▶ _Data shown_
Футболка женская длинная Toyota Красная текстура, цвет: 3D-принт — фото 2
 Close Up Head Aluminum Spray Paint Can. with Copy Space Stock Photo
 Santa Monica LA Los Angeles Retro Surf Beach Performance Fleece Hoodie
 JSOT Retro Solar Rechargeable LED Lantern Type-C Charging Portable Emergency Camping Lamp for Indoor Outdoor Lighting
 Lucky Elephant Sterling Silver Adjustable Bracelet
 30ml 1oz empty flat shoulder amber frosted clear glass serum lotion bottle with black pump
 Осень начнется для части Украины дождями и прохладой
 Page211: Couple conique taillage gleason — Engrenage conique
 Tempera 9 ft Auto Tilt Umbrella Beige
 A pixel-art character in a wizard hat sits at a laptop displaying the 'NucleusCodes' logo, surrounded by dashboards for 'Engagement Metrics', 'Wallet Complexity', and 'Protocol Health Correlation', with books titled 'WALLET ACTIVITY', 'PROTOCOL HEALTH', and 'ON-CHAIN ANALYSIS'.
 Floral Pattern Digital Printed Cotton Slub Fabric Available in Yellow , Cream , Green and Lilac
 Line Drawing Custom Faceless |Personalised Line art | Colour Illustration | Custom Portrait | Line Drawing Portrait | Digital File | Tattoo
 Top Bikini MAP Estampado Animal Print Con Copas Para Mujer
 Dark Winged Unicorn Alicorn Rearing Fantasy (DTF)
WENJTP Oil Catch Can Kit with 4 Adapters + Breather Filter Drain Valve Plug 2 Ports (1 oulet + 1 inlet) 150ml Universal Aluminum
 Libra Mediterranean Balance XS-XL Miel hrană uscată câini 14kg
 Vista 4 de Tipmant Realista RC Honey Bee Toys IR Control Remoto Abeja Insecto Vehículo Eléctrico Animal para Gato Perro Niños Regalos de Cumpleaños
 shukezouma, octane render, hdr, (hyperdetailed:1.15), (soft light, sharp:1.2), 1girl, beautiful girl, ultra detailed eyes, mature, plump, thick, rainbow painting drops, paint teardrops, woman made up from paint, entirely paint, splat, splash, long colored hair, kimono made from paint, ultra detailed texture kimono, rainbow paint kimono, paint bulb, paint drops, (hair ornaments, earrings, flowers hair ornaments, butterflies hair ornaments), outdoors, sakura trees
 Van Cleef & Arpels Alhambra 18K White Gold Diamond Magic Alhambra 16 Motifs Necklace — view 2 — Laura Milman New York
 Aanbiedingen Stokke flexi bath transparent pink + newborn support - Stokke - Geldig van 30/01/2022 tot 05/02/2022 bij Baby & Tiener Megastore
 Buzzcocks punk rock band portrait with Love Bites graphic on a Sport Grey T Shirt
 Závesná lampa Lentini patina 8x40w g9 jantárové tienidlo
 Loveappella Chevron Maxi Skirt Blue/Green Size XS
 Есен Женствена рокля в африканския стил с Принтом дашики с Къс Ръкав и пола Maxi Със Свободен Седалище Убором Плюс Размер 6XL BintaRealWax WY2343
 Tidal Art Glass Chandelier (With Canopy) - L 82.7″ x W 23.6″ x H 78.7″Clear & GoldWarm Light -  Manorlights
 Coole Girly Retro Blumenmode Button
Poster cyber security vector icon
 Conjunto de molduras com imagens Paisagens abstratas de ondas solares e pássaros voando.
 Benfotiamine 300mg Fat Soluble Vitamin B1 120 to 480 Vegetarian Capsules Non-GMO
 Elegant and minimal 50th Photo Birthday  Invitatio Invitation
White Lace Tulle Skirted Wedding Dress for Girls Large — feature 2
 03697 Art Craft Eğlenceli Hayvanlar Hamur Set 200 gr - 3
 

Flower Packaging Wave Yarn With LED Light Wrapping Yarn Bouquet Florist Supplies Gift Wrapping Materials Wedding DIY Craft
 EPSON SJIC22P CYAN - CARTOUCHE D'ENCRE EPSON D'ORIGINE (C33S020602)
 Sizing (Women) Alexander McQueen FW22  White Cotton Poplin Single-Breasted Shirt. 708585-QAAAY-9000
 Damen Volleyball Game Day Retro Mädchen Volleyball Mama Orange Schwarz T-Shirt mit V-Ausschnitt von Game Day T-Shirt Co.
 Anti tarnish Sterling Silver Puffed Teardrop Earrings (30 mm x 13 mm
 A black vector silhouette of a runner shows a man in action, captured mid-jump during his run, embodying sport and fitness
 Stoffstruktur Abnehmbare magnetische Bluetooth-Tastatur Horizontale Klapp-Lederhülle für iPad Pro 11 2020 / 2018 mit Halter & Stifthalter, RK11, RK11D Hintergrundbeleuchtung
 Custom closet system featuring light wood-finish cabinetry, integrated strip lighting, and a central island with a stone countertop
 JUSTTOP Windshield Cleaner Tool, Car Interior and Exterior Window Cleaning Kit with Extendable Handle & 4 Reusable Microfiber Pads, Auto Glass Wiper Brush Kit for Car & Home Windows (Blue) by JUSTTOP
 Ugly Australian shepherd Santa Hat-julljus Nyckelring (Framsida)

▶ _Problem to solve_
Everything in the material above from the line that has "Závesná lampa Lentini" through the line that has "Conjunto de molduras" must be duplicated exactly, with no other lines given.

▶ _Expected answer_
 Závesná lampa Lentini patina 8x40w g9 jantárové tienidlo
 Loveappella Chevron Maxi Skirt Blue/Green Size XS
 Есен Женствена рокля в африканския стил с Принтом дашики с Къс Ръкав и пола Maxi Със Свободен Седалище Убором Плюс Размер 6XL BintaRealWax WY2343
 Tidal Art Glass Chandelier (With Canopy) - L 82.7″ x W 23.6″ x H 78.7″Clear & GoldWarm Light -  Manorlights
 Coole Girly Retro Blumenmode Button
Poster cyber security vector icon
 Conjunto de molduras com imagens Paisagens abstratas de ondas solares e pássaros voando.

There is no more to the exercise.